Hence the motivation for statistical hypothesis testing. You start with an assumption that something is just white noise, then reject it after testing the hypothesis: p-value is sort of like the probability of making a mistake by rejecting the hypothesis that it's just white noise, and you want this probability to be as low as you can get. Since hypothesis testing is just a bunch of arithmetics, you can test any data, whether it is random or not. Just non-random data is meant to have a very low p-value - the test must be able to sniff out the data is not random.
Ok. Then maybe in this particular modelling they have developed a better hypothesis testing approach, or maybe they have a motivation why residuals are not meant to be normally distributed (say, maybe they are log-normally distributed, eh?). But this is what I am trying to find out :) what makes this specific model fitting process different from other models?
I've seen GLM fitting process for rainfall modelling (so I am sure GLM model fitting is applicable at least in some circumstances; what motivated me to study some of that book), which followed pretty much what I am saying as far as I can tell - i.e. optimising the parameters of the model to minimise the residuals (and to result in high confidence that the residuals are white noise). For many functions this is a matter of finding derivatives, etc, just as described in that book.
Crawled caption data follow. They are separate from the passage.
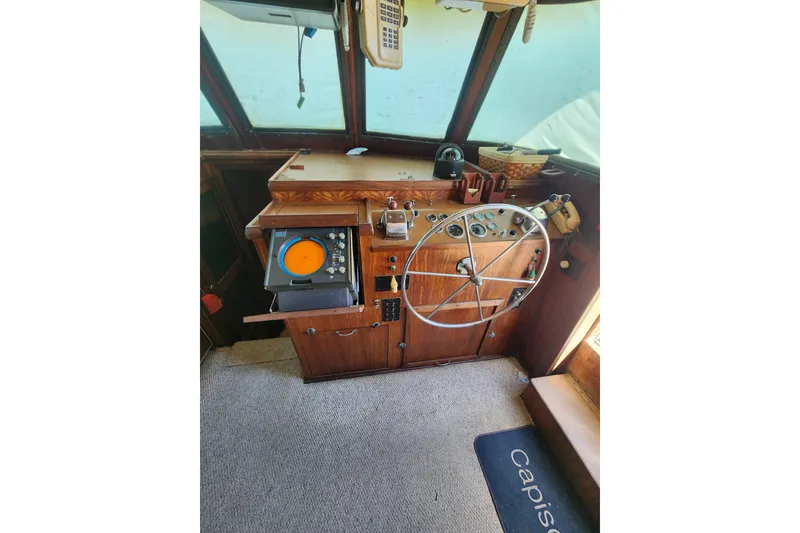 Slide: The Image of 1976 Hatterus 42 Long Range Cruiser helm with vintage controls and navigation equipment. - 17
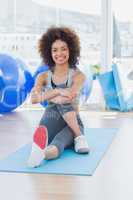 Fit woman sitting on exercise mat in fitness studio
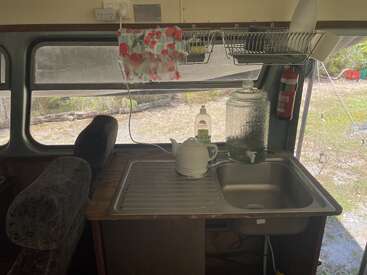 This image shows a compact kitchen inside a vehicle. There’s a sink, kettle, soap, glass water dispenser, drying rack, and a window with seats nearby.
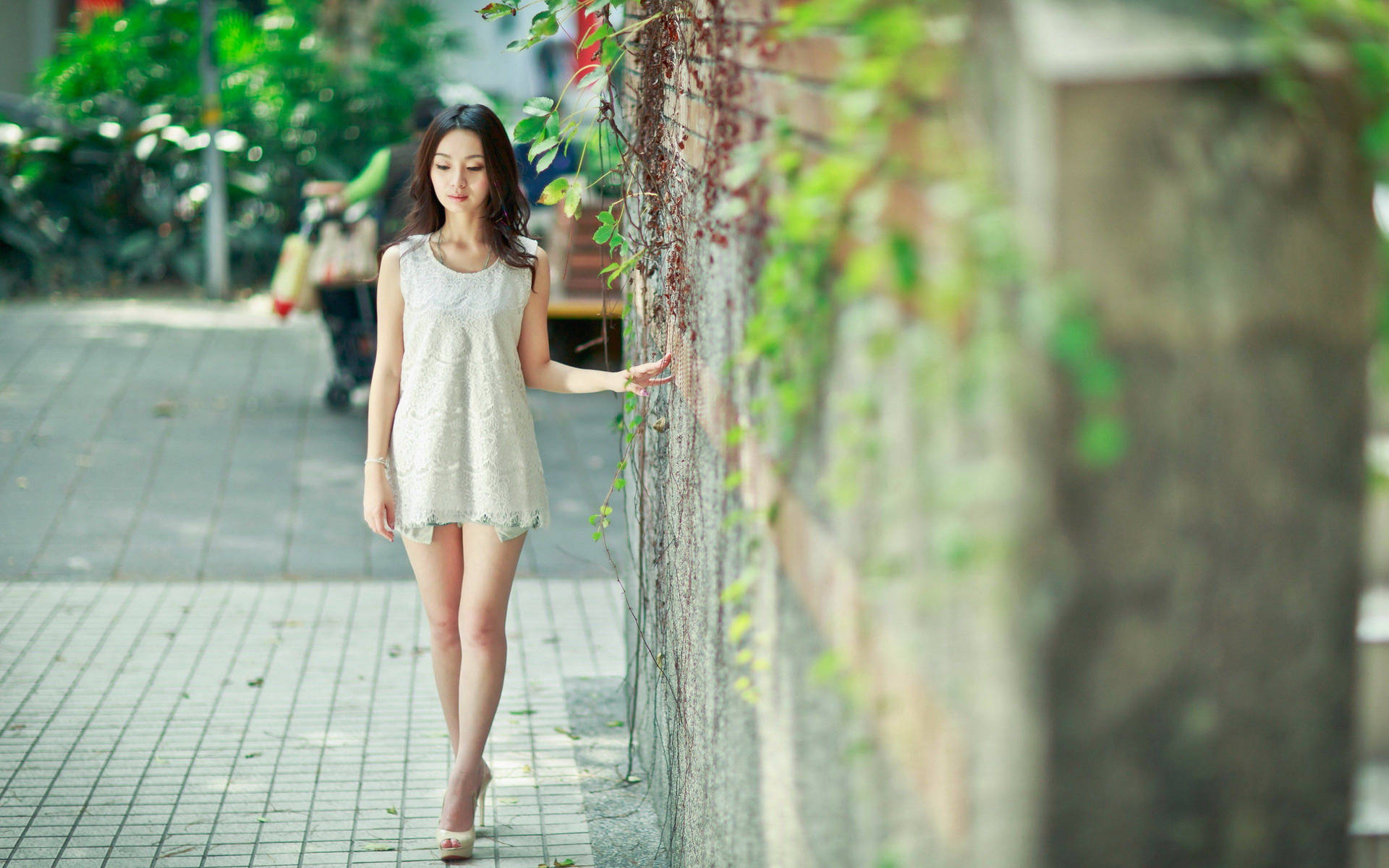 Korean Girl Walking Down The Street Background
I do realise the actual oceanic or atmospheric thermal exchange modelling is not necessarily subject to some GLM. And yet we will ascribe some of the stuff to randomness - either because it is really stemming from some probabilistic quantum laws (for the lack of a better term), or just too complex to model, no matter. What we want to know is how much remains unexplained (confidence intervals), and whether we should be worried about being unable to explain the remainder (p-value for accepting the hypothesis that the residuals are white noise).
The general model testing principles seem to be applicable outside GLM specifically, because the goal is the ability to discern a better model from a less accurate model of a process for which we can't produce exactly the numbers we see in the weather station log.